Но Бетховен мог постигнуть чуждое ему величие Гёте. Автор „Фауста" казался ему „великим, царственным, всегда в ре-мажоре". Истинное величие, однако, мнилось ему в ином свете. „Сердце — рычаг всего великого", пишет он к Джаннатазио дель-Рио. „Другого признака величия я не знаю, как доброта"— признается он Беттине Брентано в другом письме.
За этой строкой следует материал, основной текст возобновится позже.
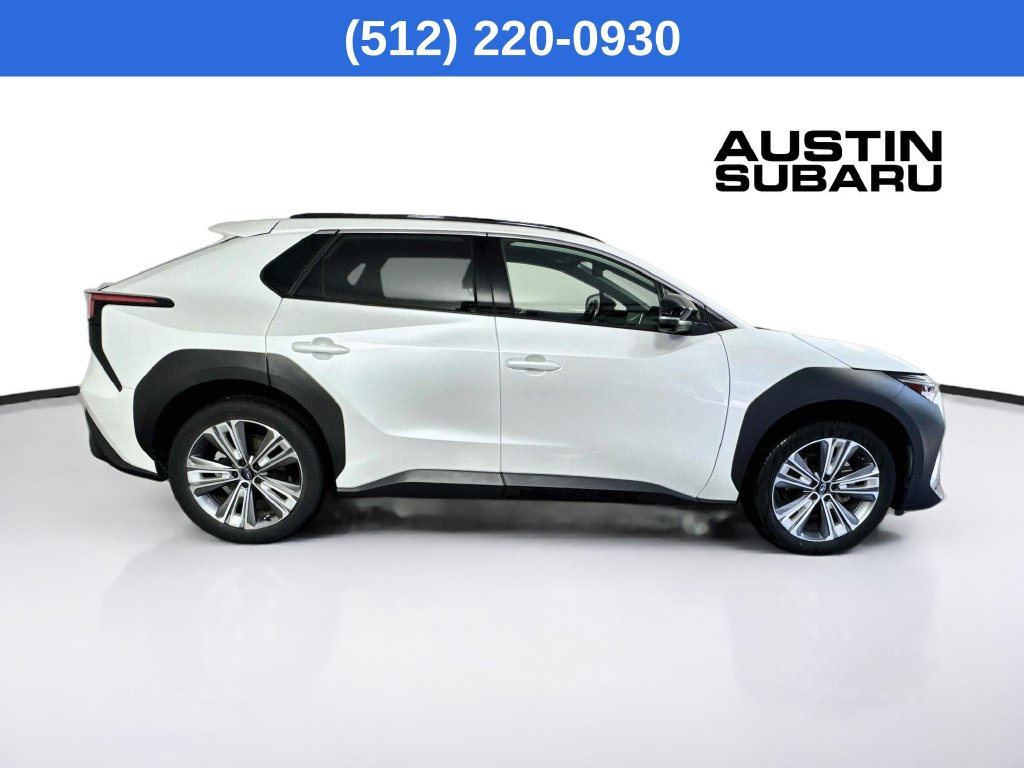 Certified 2023 Subaru Solterra AWD image 9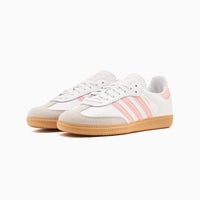 adidas Samba OG - GS - White Coral Pink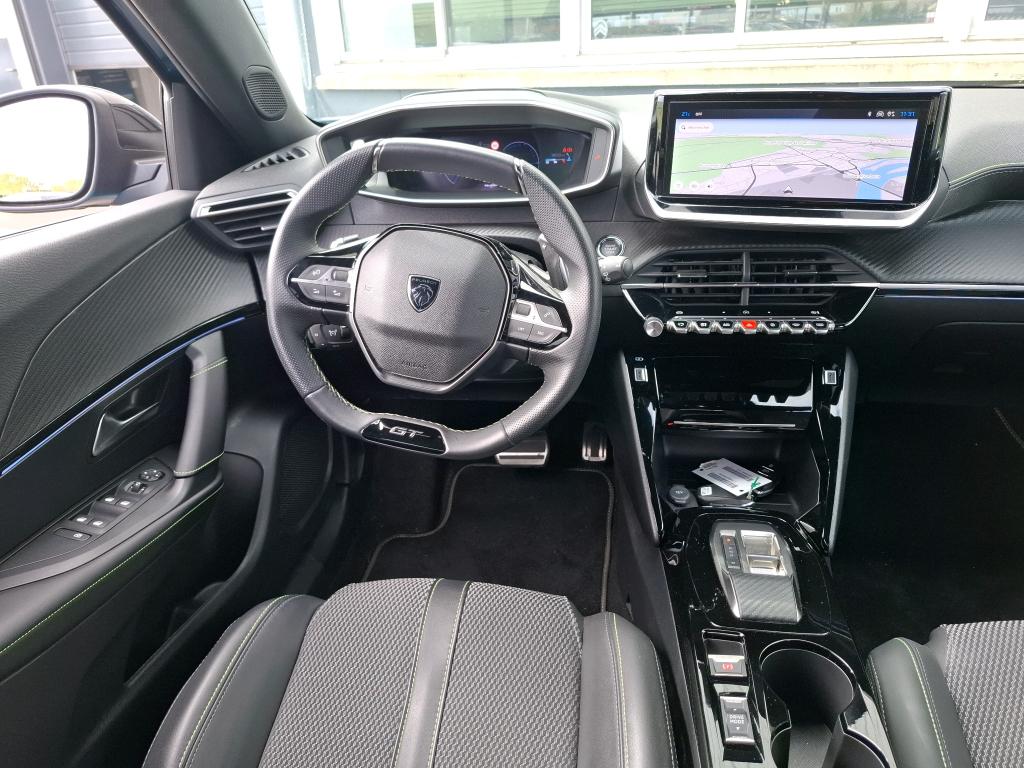 Peugeot 2008 Hybrid 145 ch e-DCS6 GT 2025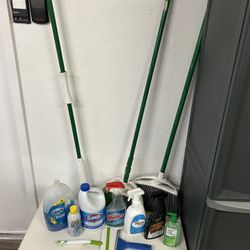 Cleaning Supplies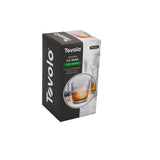 Tovolo Sphere Ice Molds, Set of 2, 2.5" - Charcoal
Горячечный и нервный, подчас сердитый, бушующий художник, мизантроп по обличью, но человеколюбец по естеству, как мог .Бетховен иначе относиться к парнасскому равновесию и эстетическому миродовольству Гёте, столь радушного к людям, но в такой мере, должно быть, презиравшего униженное человечество! И как мог всегда алкавший и жаждавший, всегда кочевник духа, Бетховен иначе относиться к духовно сытому, духовно удовлетворенному, духовно оседлому Гёте! И как мог он, познавший всю силу необузданного, чрез край бьющего искусства, внимать величественному голосу: „истинное мастерство познается в самоограничении"!
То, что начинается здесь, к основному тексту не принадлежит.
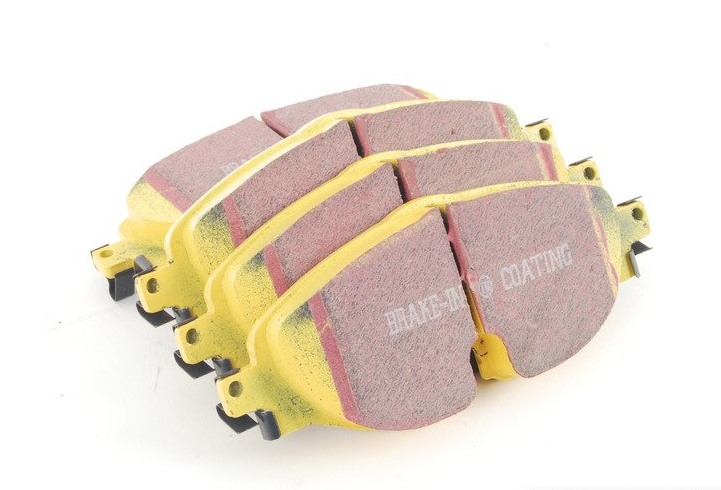 VAG MK7/7.5/8s Yellow Stuff ( Delanteras ) 3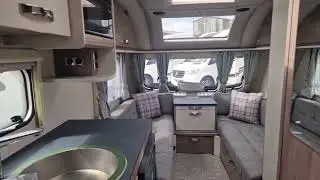 Brand New 2023 Swift Sprite Major 6 TD 6 Berth Caravan
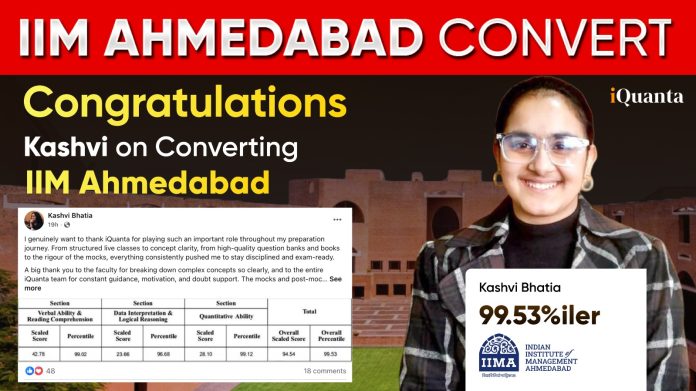 CAT Topper CAT Topper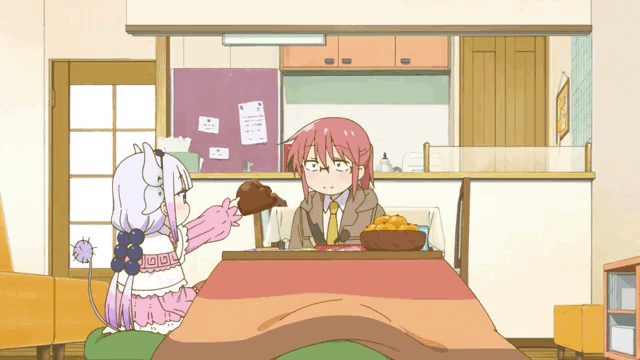 Miss Kobayashi's Dragon Maid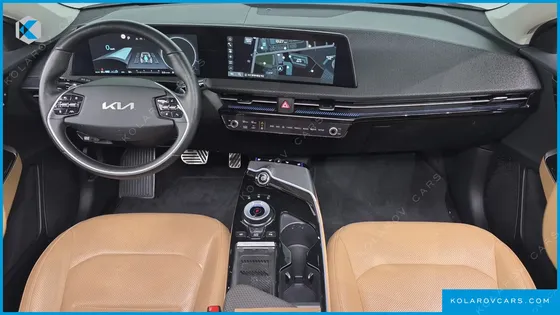 KIA EV6 LONG RANGE 4WD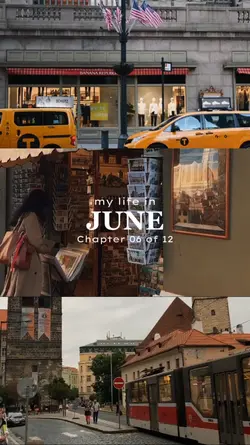june recap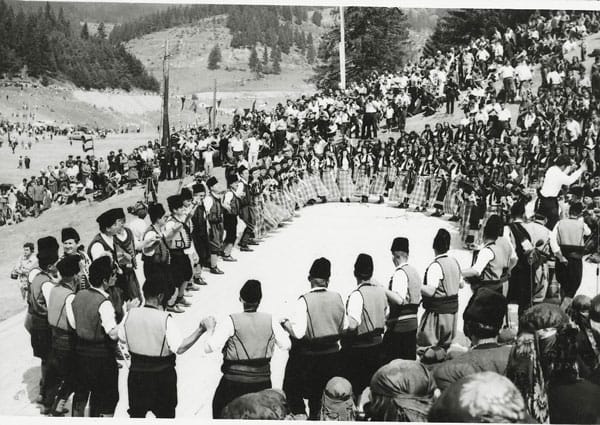 НАЦИОНАЛЕН СЪБОР НА НАРОДНОТО ТВОРЧЕСТВО И ЖИВОТНОВЪДСТВО „РОЖЕН“ 17-19 юли 2015 г.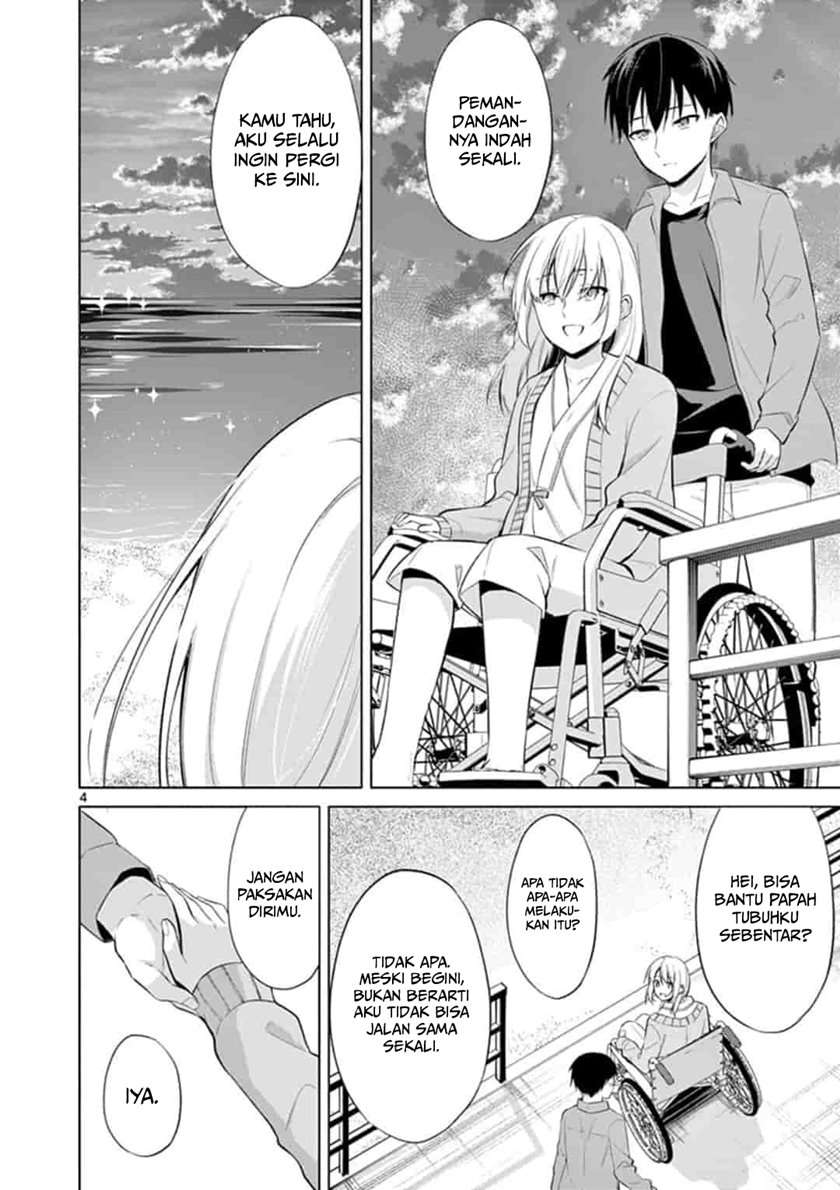 Jubunnoichi no Hanayome Chapter 50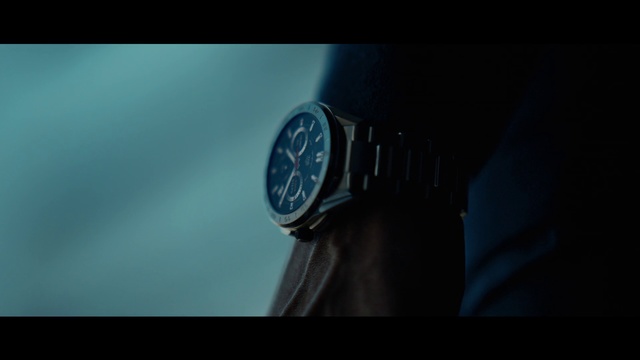 Video Reference N1: Watch, Blue, Darkness, Photography, Electric blue, Macro photography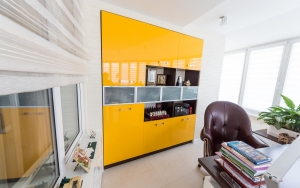 Спальня. Квартира 3 ЖК Паркове місто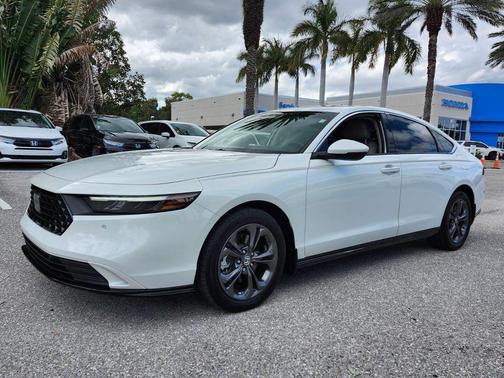 2023 Honda Accord Hybrid EX-L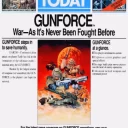Gunforce – Battle Fire Engulfed Terror Island (World)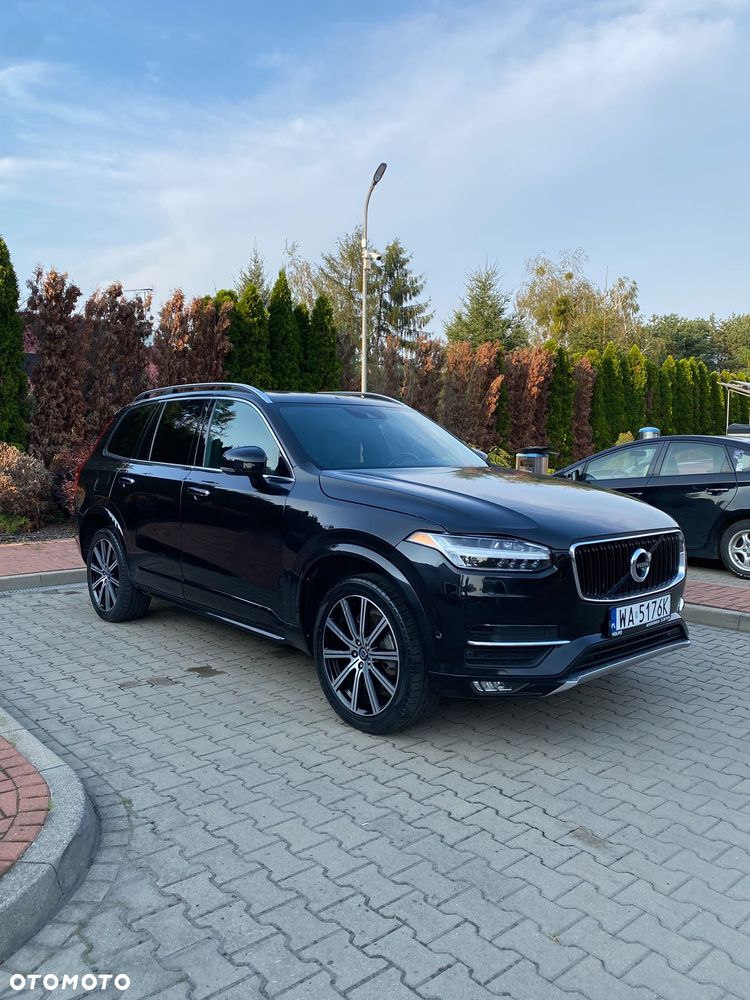Volvo XC 90 T6 AWD Geartronic RDesign - 1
Рассказывая о глубоком впечатлении, которое на Гёте произвела С-moll'ная симфония Бетховена, юный Мендельсон очевидно слишком увлекается, ибо слова „это нисколько не трогает, это только удивляет" в применении к Бетховену, явное доказательство полного безучастия к его душевному миру, и, стало быть, и к музыке, а дальнейшие слова Гёте: „это грандиозно, безумно; кажется, что вот-вот весь дом рухнет" — отзываются уже слишком очевидной иронией. Гёте не мог любить музыки, несмотря на мариенбадские письма, а отношение к Бетховену у него могло быть одно, то чтб он впрочем сам и высказал в письме к Цельтеру: „я удивляюсь ему с ужасом".
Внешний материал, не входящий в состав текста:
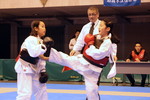 第7回日本拳法関東少年選手権大会
少年女子防具<br>撮影：関東少年連盟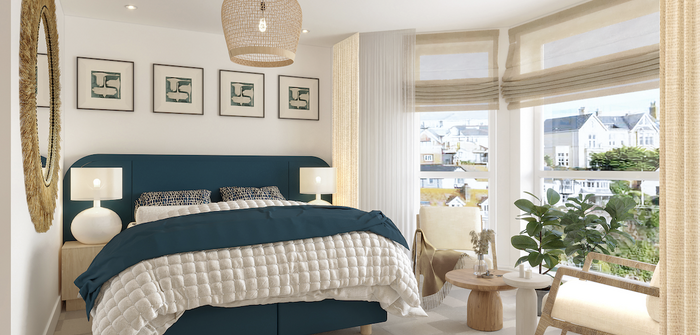 Aparthotel Rooms For Sale On Mount Wise Newquay Cornwall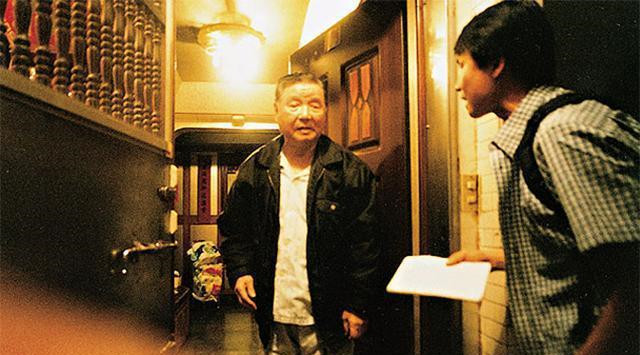 伍亿探长吕乐晚年回忆60年代香港黑社会远没有外界传言那样猖狂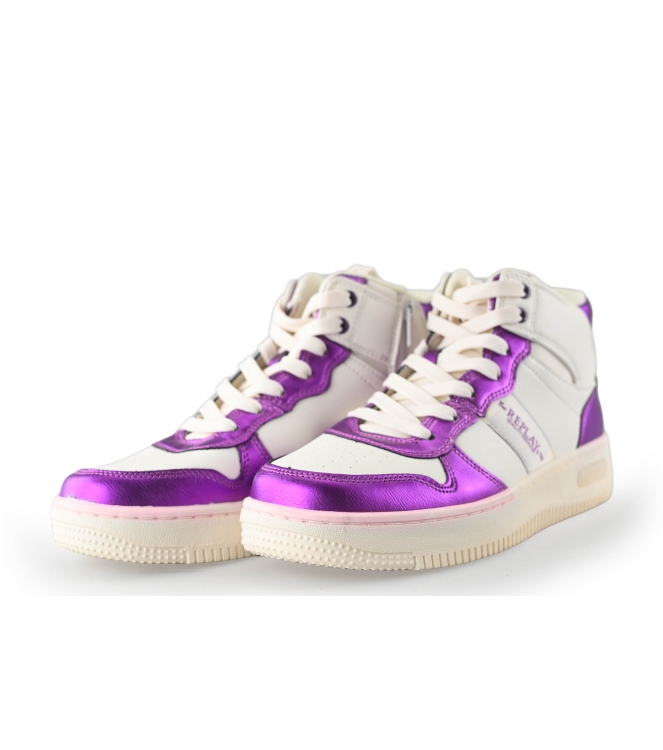 Replay Hohe Sneaker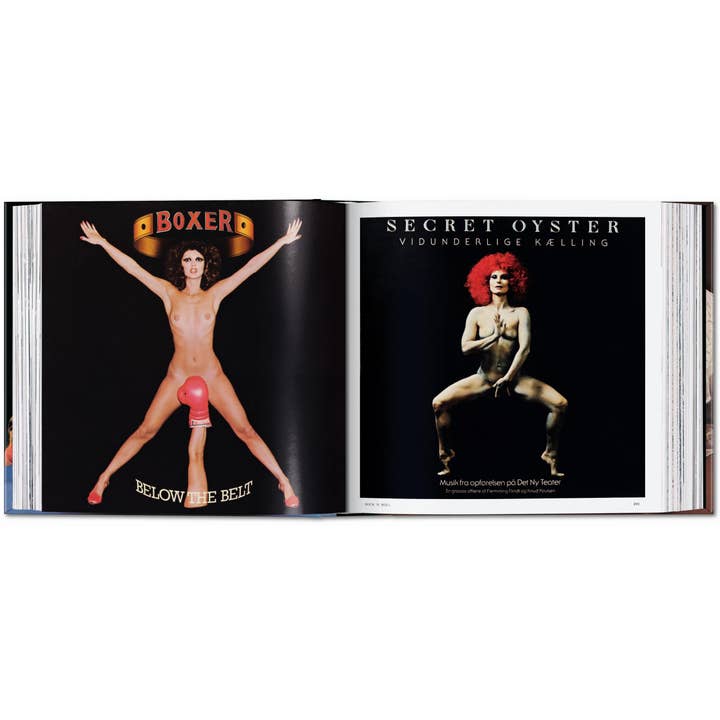 TASCHEN America - Wholesale Display Book - Sexy Record Covers (English)7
Антиподичными друг другу оказываются и типы творчества обоих. У Бетховена всюду человеческая личность, доводимая до последних иррациональных пределов, из темных стихийных глубин вздымающаяся до высочайших вершин духовности. У него всюду борьба героической воли: со стихией метафизических и религиозных тайн, со стихией нравственного долга и совести, со стихией общественности. У него всюду бунт своеволия, ради полноты aбсолютного самоутверждения и борьба за внутреннюю свободу против внешнего насилия. Его творчество не эпос, а трагедия, трагедийная завязка и развязка, исчадие трагического паеоса и трагической коллизии жизненных начал.

Дух классической эпичности разлит в аттически стройном, олимпийски покойном творчестве Гёте. И психологический центр его не в человеческом диалоге, как у Бетховена, а в творческом воспроизведении, в повествовании, в изложении, недосягаемом по законченному мастерству и пластической выразительности.

„Изложение" не занимает Бетховена — архитектоника для него служебный момент и ведется она зачастую торопливо, наспех, случайно. Таков и его часто небрежный, то растянутый и загроможденный подробностями, то слишком сжатый и скомканный стиль, всегда божественно-ясный и парнасски уравновешанный у Гёте.

От периферии Гёте идет к центру. Это сила собирательная, конститутивная. Он — совершеннейшее воплощеии безгрешного искусства. Путь Бетховена от центра к периферии.

Бетховен — сила разбрасывающая, анархическая. И Бетховен — отважнейшее отрицание того, что должен был Гёте единственно почитать за праведное искусство: отвлеченную идею чистой красоты.